3. Bake the cupcakes until they are golden and spring back when lightly pressed with your finger, 23 to 27 minutes. Remove the pans from the oven and place them on a wire rack for 5 minutes. Remove cupcakes carefully and place on wire rack to cool 15 minutes more before frosting. They may sink a bit in the center.

Chocolate Buttercream
8 tablespoons (1 stick) butter at room temperature
½ cup unsweetened cocoa powder
3 cups confectioners’ sugar, sifted
3 to 5 tablespoons milk
1 teaspoon pure vanilla extract

Blend butter and cocoa powder in a large mixing bowl. Blend with an electric mixer on low speed until the mixture is soft and well combined, 30 seconds. Stop the machine and add the confectioners’ sugar, 3 tablespoons of the milk, and the vanilla.
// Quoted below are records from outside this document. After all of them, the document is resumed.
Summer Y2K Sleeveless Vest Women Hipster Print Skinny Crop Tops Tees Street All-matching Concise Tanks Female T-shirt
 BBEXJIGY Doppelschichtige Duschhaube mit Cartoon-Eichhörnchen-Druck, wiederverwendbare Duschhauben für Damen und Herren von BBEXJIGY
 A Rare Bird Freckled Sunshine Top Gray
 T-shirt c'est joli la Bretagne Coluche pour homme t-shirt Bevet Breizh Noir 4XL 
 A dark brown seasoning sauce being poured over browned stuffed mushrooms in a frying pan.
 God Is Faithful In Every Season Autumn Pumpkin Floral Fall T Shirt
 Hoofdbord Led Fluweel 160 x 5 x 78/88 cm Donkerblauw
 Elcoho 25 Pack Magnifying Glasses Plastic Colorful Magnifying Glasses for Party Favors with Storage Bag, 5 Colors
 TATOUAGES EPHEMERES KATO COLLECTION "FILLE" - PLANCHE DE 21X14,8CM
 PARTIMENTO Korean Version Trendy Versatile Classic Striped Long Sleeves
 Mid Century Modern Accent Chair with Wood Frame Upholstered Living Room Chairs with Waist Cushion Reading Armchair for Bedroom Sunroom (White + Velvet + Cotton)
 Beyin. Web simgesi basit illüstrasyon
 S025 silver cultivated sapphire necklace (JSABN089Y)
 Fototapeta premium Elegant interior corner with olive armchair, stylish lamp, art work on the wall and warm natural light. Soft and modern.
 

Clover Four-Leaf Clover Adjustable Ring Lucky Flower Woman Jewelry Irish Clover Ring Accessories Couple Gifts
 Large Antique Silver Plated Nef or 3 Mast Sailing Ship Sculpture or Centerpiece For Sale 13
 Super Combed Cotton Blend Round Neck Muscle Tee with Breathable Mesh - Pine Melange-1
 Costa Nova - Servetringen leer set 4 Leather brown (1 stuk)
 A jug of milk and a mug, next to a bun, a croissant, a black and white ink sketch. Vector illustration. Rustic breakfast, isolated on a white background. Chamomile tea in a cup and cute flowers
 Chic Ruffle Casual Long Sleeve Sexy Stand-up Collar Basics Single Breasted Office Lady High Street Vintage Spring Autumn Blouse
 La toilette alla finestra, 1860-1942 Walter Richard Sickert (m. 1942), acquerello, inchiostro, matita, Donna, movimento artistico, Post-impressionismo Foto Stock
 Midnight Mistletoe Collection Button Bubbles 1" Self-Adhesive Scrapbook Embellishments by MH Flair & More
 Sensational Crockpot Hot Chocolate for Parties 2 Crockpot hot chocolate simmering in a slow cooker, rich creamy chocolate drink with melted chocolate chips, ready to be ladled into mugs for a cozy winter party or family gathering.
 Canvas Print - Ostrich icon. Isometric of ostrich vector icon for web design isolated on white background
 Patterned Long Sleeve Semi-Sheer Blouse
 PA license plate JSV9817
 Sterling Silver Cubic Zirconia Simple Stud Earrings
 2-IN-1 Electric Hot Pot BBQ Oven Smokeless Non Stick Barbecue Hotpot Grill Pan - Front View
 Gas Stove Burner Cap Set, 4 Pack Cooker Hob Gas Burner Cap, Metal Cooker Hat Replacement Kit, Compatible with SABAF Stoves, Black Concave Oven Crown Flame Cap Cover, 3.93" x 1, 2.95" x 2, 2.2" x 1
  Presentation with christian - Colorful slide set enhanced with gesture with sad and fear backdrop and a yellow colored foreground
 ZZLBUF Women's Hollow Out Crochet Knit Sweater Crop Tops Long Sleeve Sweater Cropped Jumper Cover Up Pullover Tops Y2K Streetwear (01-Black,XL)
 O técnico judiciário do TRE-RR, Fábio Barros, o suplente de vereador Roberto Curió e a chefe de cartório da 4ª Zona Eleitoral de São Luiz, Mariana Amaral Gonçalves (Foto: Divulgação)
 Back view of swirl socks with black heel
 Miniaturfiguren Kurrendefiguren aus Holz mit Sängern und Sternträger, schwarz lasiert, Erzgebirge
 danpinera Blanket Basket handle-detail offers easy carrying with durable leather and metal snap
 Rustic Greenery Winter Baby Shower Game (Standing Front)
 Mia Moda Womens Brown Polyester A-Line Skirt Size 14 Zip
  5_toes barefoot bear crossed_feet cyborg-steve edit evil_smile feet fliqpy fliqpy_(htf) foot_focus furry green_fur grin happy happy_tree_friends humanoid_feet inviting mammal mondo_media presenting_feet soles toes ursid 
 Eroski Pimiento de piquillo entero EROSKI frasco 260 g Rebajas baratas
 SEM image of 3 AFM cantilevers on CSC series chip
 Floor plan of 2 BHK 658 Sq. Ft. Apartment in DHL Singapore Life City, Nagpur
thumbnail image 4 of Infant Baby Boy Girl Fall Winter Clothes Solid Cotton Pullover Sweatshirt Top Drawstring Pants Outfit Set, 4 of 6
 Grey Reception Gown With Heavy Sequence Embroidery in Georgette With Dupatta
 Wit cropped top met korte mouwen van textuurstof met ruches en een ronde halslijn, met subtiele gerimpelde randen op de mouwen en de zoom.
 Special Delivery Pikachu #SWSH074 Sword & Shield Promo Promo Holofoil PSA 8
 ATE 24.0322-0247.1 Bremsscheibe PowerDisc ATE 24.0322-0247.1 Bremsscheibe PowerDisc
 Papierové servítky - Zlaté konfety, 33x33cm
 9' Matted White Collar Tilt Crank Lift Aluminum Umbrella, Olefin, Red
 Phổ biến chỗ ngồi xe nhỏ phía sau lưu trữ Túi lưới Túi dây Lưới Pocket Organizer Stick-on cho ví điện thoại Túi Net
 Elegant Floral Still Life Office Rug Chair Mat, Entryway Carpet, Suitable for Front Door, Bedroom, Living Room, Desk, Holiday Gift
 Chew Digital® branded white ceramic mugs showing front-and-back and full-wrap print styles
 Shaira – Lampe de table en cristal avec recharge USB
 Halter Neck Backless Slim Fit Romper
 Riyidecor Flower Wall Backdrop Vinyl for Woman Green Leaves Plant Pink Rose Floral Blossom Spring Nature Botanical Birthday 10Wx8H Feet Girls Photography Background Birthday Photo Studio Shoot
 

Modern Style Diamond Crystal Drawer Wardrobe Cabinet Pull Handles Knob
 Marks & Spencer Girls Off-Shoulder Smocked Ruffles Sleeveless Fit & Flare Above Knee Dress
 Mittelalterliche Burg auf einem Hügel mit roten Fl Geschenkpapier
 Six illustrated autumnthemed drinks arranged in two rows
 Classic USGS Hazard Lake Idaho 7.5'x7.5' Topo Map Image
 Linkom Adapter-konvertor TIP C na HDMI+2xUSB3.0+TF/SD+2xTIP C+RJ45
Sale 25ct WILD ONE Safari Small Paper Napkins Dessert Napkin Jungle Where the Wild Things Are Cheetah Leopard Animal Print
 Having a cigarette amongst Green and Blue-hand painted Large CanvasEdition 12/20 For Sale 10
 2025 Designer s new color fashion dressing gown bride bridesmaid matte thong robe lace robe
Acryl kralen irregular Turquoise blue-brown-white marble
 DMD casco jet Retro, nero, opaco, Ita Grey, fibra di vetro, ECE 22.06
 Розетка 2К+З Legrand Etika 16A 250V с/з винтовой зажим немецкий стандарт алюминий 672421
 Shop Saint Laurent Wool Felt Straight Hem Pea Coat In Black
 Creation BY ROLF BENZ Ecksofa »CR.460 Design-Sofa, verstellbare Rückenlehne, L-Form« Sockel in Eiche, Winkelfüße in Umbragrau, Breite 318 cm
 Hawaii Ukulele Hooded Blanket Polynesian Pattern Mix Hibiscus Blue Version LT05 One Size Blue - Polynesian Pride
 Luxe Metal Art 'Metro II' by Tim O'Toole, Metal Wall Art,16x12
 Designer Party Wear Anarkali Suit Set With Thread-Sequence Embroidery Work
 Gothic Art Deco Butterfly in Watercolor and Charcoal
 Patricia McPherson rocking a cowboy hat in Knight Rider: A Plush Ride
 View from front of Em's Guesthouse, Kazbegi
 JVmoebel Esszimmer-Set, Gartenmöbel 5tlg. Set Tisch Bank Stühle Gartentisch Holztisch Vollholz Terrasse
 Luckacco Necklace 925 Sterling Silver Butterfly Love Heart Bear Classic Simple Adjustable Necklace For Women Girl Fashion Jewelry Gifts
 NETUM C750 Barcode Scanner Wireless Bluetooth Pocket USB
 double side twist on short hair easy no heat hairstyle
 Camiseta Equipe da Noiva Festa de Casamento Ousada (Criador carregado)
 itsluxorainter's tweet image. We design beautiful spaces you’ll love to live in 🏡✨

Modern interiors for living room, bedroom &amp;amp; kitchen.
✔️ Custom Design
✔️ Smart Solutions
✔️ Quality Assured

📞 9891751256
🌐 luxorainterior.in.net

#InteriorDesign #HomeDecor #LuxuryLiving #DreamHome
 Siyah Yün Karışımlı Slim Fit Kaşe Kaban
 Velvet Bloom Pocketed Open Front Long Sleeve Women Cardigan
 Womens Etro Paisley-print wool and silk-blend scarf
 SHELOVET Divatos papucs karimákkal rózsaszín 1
Blend with the mixer on low speed until the sugar is incorporated, 1 minute. Increase the speed to medium and beat until light and fluffy, 1 minute more. Add 1 to 2 tablespoons more milk if the frosting is too thick.

Notes:
I really think that this recipe should make about 29 cupcakes, or less cookie dough should be used.  I followed the instructions and ended up with quite a few cupcakes that overflowed and while they were still tasty, they were way too big!  I also didn’t get enough chocolate buttercream from the recipe for all of the cupcakes, but as you can see from the picture, I use a lot of frosting per cupcake, so YMMV.